Lees ook Het dreigbed van Bertram Koeleman is een indrukwekkend, kraakhelder geschreven boek
Het is deze braamstruik waarin Koeleman zich begeeft en waaraan vele lezers zich de handen en hun hart aan zullen openhalen. Langzaam maar zeker glijdt het door Rebius op poten gezette toneelspel over dat Bildungs-toneelspel van decennia terug heen: een surreële, confronterende leeservaring waar je het soms Spaans benauwd van krijgt.

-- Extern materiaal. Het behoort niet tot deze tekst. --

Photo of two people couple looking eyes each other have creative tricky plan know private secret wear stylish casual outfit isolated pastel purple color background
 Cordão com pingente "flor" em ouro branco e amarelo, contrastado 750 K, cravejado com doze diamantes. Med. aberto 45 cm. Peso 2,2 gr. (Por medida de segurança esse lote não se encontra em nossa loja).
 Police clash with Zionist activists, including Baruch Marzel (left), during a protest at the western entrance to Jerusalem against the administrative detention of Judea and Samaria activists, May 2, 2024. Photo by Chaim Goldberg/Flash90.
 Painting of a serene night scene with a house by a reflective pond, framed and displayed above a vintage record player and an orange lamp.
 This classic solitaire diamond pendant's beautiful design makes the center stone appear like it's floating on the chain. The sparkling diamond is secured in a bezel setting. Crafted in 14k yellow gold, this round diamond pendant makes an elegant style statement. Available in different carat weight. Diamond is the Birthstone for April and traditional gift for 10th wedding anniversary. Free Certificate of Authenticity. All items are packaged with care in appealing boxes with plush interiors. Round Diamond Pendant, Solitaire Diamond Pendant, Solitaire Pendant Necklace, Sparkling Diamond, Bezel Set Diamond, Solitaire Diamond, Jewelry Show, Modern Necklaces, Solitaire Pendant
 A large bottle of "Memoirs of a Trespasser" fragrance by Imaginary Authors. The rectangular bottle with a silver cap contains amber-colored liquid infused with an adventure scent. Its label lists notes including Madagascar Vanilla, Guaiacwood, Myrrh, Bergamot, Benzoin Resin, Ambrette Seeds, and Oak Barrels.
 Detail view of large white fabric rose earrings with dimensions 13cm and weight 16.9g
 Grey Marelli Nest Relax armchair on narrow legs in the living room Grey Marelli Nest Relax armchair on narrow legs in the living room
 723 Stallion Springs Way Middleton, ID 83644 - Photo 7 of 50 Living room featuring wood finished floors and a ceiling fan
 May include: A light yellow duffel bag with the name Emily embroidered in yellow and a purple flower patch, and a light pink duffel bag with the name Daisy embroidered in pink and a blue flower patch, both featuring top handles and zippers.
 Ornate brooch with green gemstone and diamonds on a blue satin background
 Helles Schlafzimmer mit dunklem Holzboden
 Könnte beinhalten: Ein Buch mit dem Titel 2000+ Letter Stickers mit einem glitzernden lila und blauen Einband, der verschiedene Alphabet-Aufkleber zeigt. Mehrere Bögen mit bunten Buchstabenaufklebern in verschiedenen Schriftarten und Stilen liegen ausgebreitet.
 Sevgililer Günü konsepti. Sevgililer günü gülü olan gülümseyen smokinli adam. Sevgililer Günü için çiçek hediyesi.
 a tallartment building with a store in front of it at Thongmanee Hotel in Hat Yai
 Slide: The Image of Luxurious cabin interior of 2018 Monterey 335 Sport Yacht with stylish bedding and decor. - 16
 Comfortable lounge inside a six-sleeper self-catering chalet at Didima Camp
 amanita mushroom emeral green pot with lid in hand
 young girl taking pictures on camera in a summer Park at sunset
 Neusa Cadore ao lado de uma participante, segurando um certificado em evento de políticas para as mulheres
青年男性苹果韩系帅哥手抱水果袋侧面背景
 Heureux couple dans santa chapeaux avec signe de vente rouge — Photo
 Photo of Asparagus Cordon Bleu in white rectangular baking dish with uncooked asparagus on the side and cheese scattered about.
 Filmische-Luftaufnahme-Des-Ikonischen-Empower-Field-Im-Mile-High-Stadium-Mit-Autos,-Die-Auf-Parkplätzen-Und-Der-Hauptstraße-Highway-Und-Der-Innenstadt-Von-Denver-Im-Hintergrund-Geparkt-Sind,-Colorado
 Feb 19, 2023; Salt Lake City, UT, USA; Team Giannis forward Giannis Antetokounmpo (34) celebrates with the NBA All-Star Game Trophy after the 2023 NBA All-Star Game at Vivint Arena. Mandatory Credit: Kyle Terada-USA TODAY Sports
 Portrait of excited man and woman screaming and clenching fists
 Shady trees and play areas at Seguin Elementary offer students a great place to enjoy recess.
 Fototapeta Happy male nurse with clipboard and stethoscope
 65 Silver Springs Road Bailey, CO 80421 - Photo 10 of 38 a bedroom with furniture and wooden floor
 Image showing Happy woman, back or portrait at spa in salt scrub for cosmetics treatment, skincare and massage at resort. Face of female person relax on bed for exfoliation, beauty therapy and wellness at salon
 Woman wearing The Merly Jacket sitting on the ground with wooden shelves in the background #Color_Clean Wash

Het is een genot om te zien hoe Koeleman zich ontplooit, hoe hij er als maar beter in slaagt om de literatuur te hanteren om een ruimte te verkennen die, hoe paradoxaal het ook moge klinken, ontegenzeggelijk de zijne is. Eén stap mag hij wat mij betreft nog zetten, een stap die hem nog net iets gevaarlijker zal maken en zijn literatuur onontbeerlijker: behandel iemand als Rebius in de toekomst nog minder als een los geval. Nu brengt het door de afwikkeling, die toch behoorlijk leunt op een plot, Kochs Het diner in herinnering: lang belangwekkend en uitnodigend tot breed debat, en dan plots alleen nog maar een verhaal.